Mounting a federated storage cluster as part of a local file system

For the Belle-II experiment, we run more than 3500 user jobs in parallel on 6 different clouds which are all at different geographic locations far away from each other.  Running physics simulations, each of these jobs needs a set of 5 input files with about 5GB of input data. All available sets together are about 100GB of size and each job choose one of the sets as their input data.
However, if all jobs access a single storage site then it is very easy to run into problems, mainly due to:

  • high load on the storage servers
  • timeouts due to too slow data transfers when sharing the bandwidth of the storage site
  • slow (random) read access to the disks when providing the files for many different jobs in parallel, especially since the central storage server also serves data for other experiments
  • inefficiencies due to long distance data transfers

The best solution here would be to have the data files on different locations close to where the jobs run. This isn't easily possible because 
  • all storage sites need to be secured and allow access only for specific X509 certificates
  • all jobs are configured in the same way and it is random on which cloud it ends up - all jobs need to access the same storage endpoint
To solve this problem, we use Dynafed, a dynamic data federation that uses the webdav protocol. It provides a single endpoint and it is handling the authentication and authorization. The storage endpoints behind Dynafed have to support http(s)/webdav(s) but can be of very different origin. We use as storage endpoints:
  • Ceph based storage cluster (radosgw)
  • local storage on VMs in the clouds, using Minio to provide an S3 based interface
  • Amazon S3 storage
  • traditional Grid sites that already have the data

Since the overall amount of data is not that much, we copied all files to each of the endpoints and included these in dynafed in a way that they appear to be in the same logical location - for a user job it looks like the file is there only once but the access to it can be through any of the configured endpoints.
That way we can configure all jobs to access the same storage access point (dynafed's URL) but then the jobs get automatically redirected to the real storage endpoint that is closest to the cloud where the job itself runs. This solves the above mentioned problems and also has other advantages:
  • authorization and authentication handled by dynafed not by the storage site
    • authenticated jobs get a pre-authorized link to the data which has only a very limited lifetime
  • jobs in different clouds access different storage sites for data transfers but all are still configured in the same way
  • system is fail-safe against the outage of sites
    • jobs will just continue to access the data from the next closest site
  • system can dynamically be increased to account for additional load
    • new endpoints can easily be setup on different clouds at any time and added to dynafed, e.g. when an increased job load on a cloud causes performance problems on the currently used storage endpoints

However to be able to use that system, the jobs needs to access the data through http(s)/webdav(s).
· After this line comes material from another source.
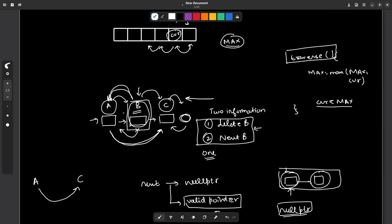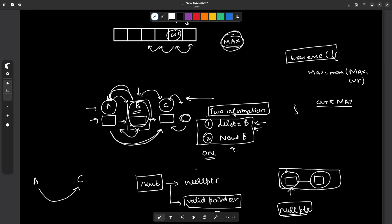To recap: determining whether to delete a node is easy — we maintain a maximum variable while traversing right to left. Once we decide to delete a node, we pass two pieces of information to the previous node using a single variable. If that variable is null pointer, we do not delete node B. If it is a valid pointer, we delete node B and the previous node A should now point to that valid pointer.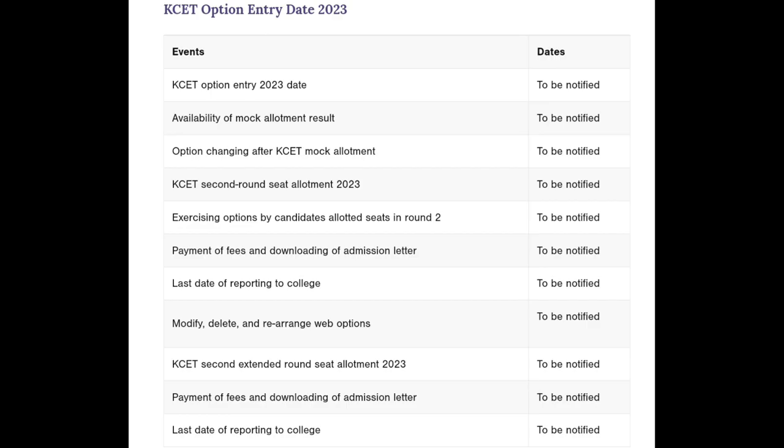Here are the steps to the option entry. The option entry steps will be set, and you can apply online through the form.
Unfortunately, that's not always the case.

To still be able to use the advantages described above, one can use gfalFS,  a fuse module that allows to mount the whole data federation as a single directory in the Linux file system.
To be able to use X509 based authentication, the environment variable X509_USER_PROXY needs to be set to the correct X509 proxy file and than a federation can be mounted as:

gfalFS -s $HOME/data davs://dyanfed.server.com:PORT/data 

which would mount the path /data/ accessible on the dynafed server dynafed.server.com in a users home directory accessible through $HOME/data
The big advantage here is that all files in the federation, no matter where they are actually stored, are accessible with standard linux tools; e.g. ls and cp. Accessing the federation that way will not loose any of the other advantages described above, especially access from different geographic locations will still end up to access files on different storage endpoints.

Running this configuration for more than 3500 jobs in parallel, it proved to be a very good way to make use of distributed storage in the case the needed transfer protocol is not supported by  the jobs running.